Mumps are contagious and spread through airborne transmission, just like the flu, although the illness usually requires closer contact to spread.

Chavrusa study may also be a cause for the spread in the Orthodox community.

“Outbreaks have been notable at boys-only Orthodox Jewish schools, where students sit for long periods facing a study partner,” said the L.A Times in an article (http://tinyurl.com/yfflt53).

The Health Department urges people to stay home from work or school if any symptoms

develop, even if only a sore throat or headache.

“Similar precautions should be taken to those of the swine flu epidemic,” Kodagoda added.

According to a press release from Bikur Cholim, an organization who helps Los Angeles Jewish families in need of healthcare, the outbreak did start within the Hassidic community, but the Jewish community as a whole is likely to be and already is being affected, meaning that just because you are not Hassidic does not mean you will not be infected.

“While these cases [of mumps] may have in fact begun in a Hasidic setting, it is without question that this has passed beyond these boundaries and significantly spread throughout the observant Jewish community,” said the press release from Bikur Cholim.

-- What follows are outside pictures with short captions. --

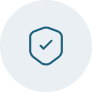 Blue shield icon with a checkmark inside on a light gray circular background.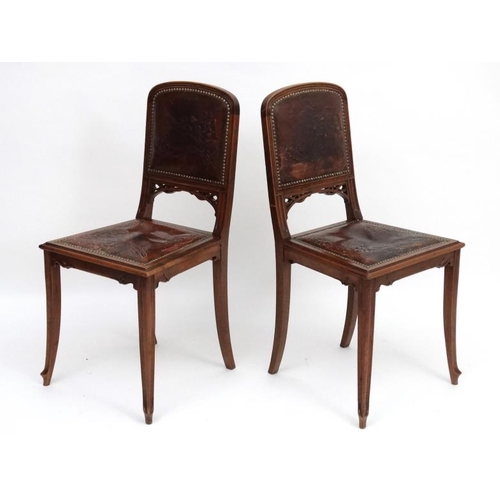 178 - Art Nouveau : Manner of Gailliard , a pair of Continental walnut salon chairs  with embossed leather... 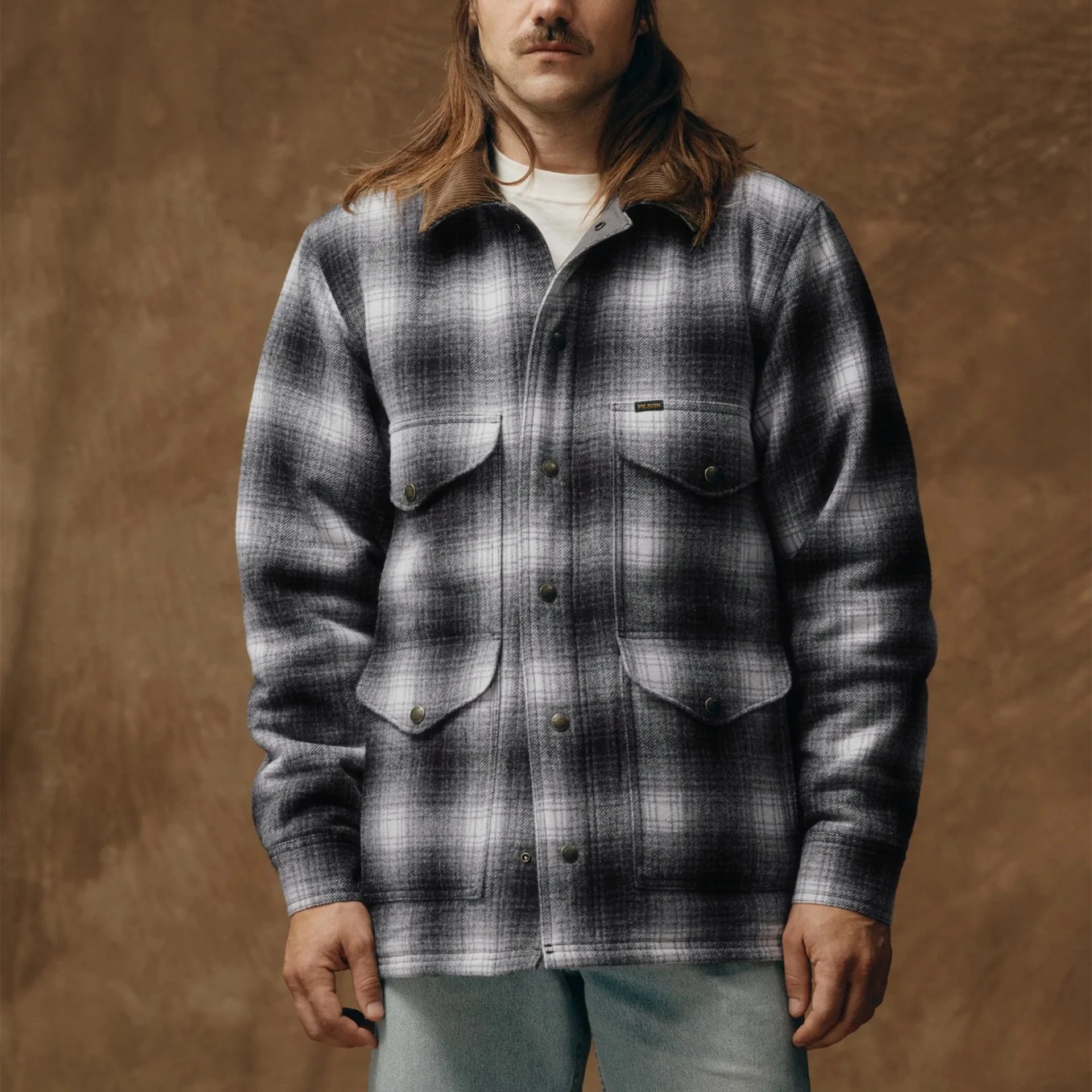 Black and white plaid jacket with brown corduroy collar and four front flap pockets worn by a person.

However, when Bikur Cholim founder Rabbi Hershey Ten was asked if he knew of any cases outside the Hassidic community, he would not specify and said to “read the press release.”

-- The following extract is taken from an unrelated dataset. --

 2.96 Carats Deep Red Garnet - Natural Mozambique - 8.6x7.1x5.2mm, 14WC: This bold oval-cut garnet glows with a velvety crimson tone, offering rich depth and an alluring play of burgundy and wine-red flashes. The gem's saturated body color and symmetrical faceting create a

But he warned that everyone should be immunized.

“The decision not to immunize goes beyond effecting one’s own child and family, it directly impacts society,” Rabbi Ten said. “For example, children not immunized for measles and rubella that contract these diseases can place pregnant women, such as teachers and day care providers, and their unborn children at risk.”

The L.A. Health Department’s Kodagoda said health officials don’t distinguish between Hasidic and other observant Jews, but added, “Less than three percent of the New York cases were outside the observant Jewish community.”

Students in Shalhevet should take extra care to wash their hands and cover their mouths when they sneeze or cough; even start using the hand sanitizer vendors around school again. If you do become ill, you need to stay home for at least 5 days, the Health Department says.